IS MONETARY ACTIVISM THE NEW OPIATE-OF-CHOICE?
Revised 10th February 2015
For quite some time it’s been my intention to investigate the nature of contemporary money. The results of that investigation are set out here, and I hope readers find it interesting despite its unusual (but necessary) length. As ever, your comments will be much appreciated.
This investigation has led me to some very disturbing conclusions. The contemporary monetary system has become progressively more detached from the underlying “real” economy of labour, resources, goods and services. Just as the pre-2008 credit bubble detached debt from any real prospect of repayment at value, subsequent monetary activism has tended to undermine the concept of money as a “store of value”.
To explain this a little further, we need to look at the years prior to the 2008 financial crisis as an era of progressively more reckless “debt activism”. This occurred both narrowly (in the increasingly reckless proliferation of dangerous forms of debt) and more broadly, as economies used debt to create “growth”. The latter tendency was evident across the board, with America, China, Britain, Spain, Ireland, Greece and Iceland being conspicuous examples of basing supposed economic “expansion” on the recycling, through consumption, of escalating amounts of debt.
Since 2008, and although debt levels have continued to rise – indeed, the global debt mountain has grown by a further US$ 57 trillion since then – much of the global economy has resorted to another gimmick – monetary activism, which seems to have replaced reckless borrowing as the new drug-of-choice for a global economy.
Basically, the post-2008 systemic problems have been (a) a lack of growth, and (b) a severe overhang of debt.
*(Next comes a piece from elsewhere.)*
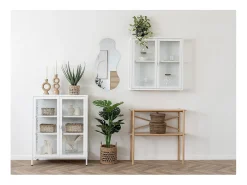 Vitrina Suspendida Brisbane, Blanco, 18x80x80 cm, Kendra Home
The immediate problem with excessive debt is the cost of servicing it, and this virtually forced central banks into policies designed to squeeze interest rates downwards.
This has been applied both to policy rates (through ZIRP, or ‘zero interest rate policies’) and to market rates (through yield-depressing strategies based around using monetary policy to inflate capital markets). Though central banks might have hoped (if so, mistakenly) that this mix of monetary activism might also restore growth, the real aim has been to enable the system to co-exist with excessive debt.
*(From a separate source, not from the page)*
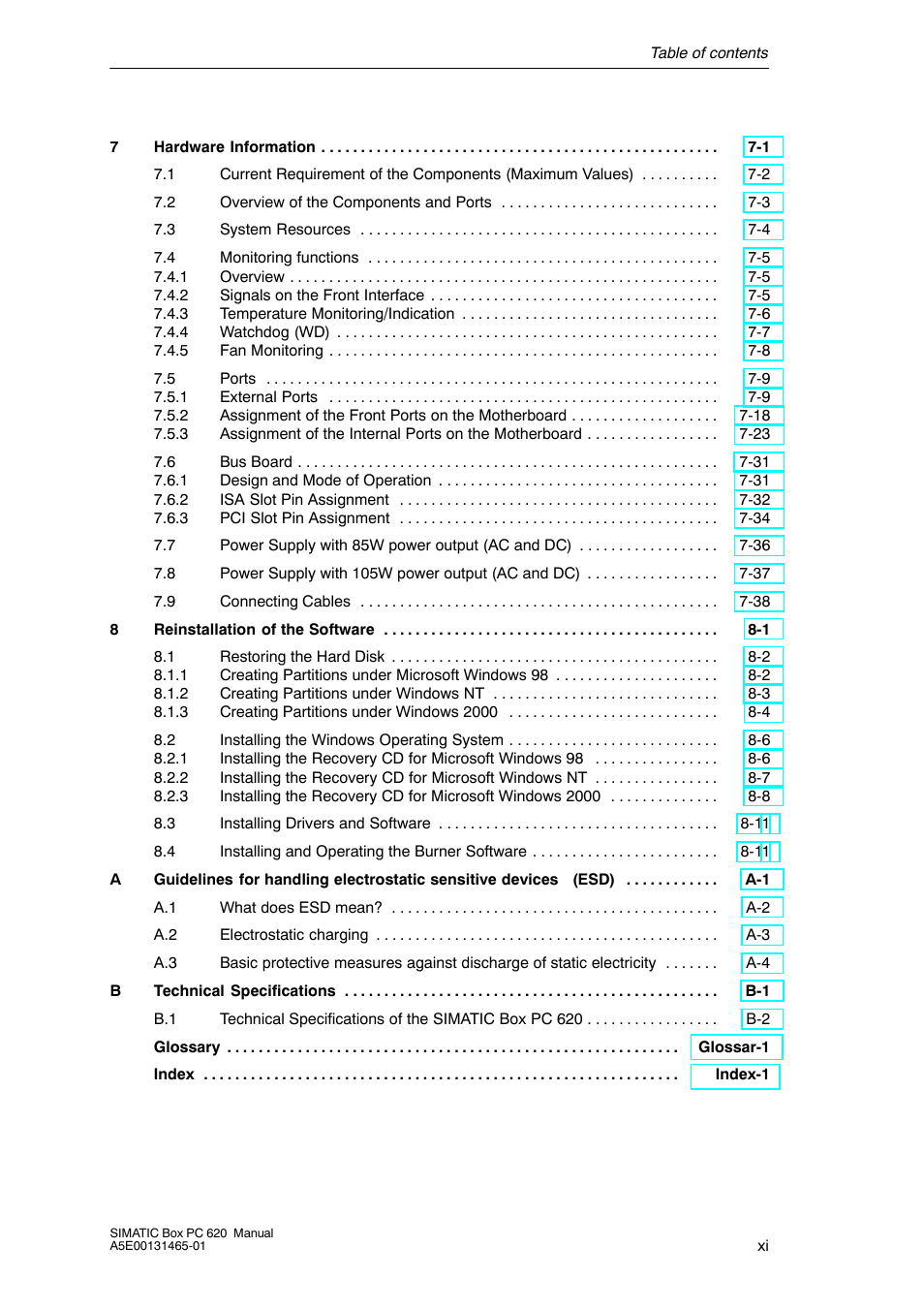 Siemens Simatic 620 User Manual | Page 11 / 216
In doing this, the authorities seem to have replaced (or supplemented) a debt bubble with a money bubble. If this is so, it suggests that we face another, potentially even nastier crunch. In other words, we may have compounded reckless distortion of debt with equally reckless distortion of money itself.
Small wonder that a letter-writer told the Financial Times that, whilst he now understood the concept of QE (quantitative easing), he no longer understood the concept of money.
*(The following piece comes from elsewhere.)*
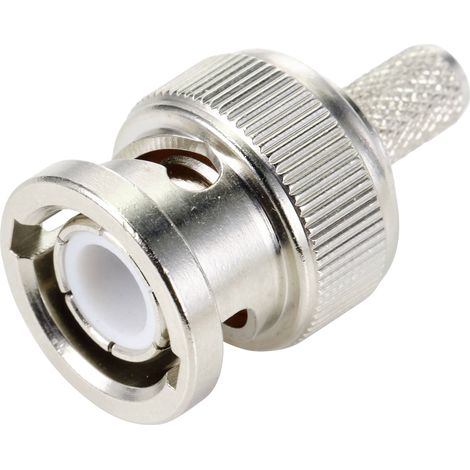 TRU COMPONENTS TC-10101472 Connecteur BNC mâle, droit 50 Ω 1 pc(s)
This poses two obvious questions. First, is money losing its traditional role as “a store of value” by becoming a tool of manipulation instead? Second, has reducing the price of money (interest rates) involved undermining its value as well?
This, however, is to anticipate. First, we need to look at various interpretations of what money is and how it works.
Most people probably assume that money is a pretty simple topic, further assuming that it is supplied by the government. Neither assumption is correct. Money is an extremely complex issue, so much so that it forms a distinct and increasingly important sub-discipline within economics. Money is not created by government alone, though the state obviously has an extremely important part to play.
Let’s start by noting that, today, almost all of the world’s financial systems run on fiat money. That is, money does not have intrinsic value, and neither is it convertible on demand into a commodity with intrinsic value, such as gold. Ultimately, fiat (meaning “command”) money has value simply because the government says it has. Its acceptability rests on the “full faith and credit” of the state.
This means that we accept and use money because we trust the government and, more broadly, the financial system. This is a comparatively new situation – Britain may have abandoned the “gold standard” in 1931, but convertibility continued, on a global basis until Richard Nixon “slammed the gold window” in 1971.
Critics, of course, would argue that a monetary system based entirely on trust has put the entire financial system at risk because such trust has proved to be misplaced.
The purpose of money
Traditionally, money is said to have three characteristics. It is “a means of exchange”, “a unit of account” and “a store of value”. The latter point is debatable, to say the least – in terms of purchasing power, the pound sterling lost 94% of its value between 1964 and 2014, and the purchasing value of the American dollar declined by 87% over the same period.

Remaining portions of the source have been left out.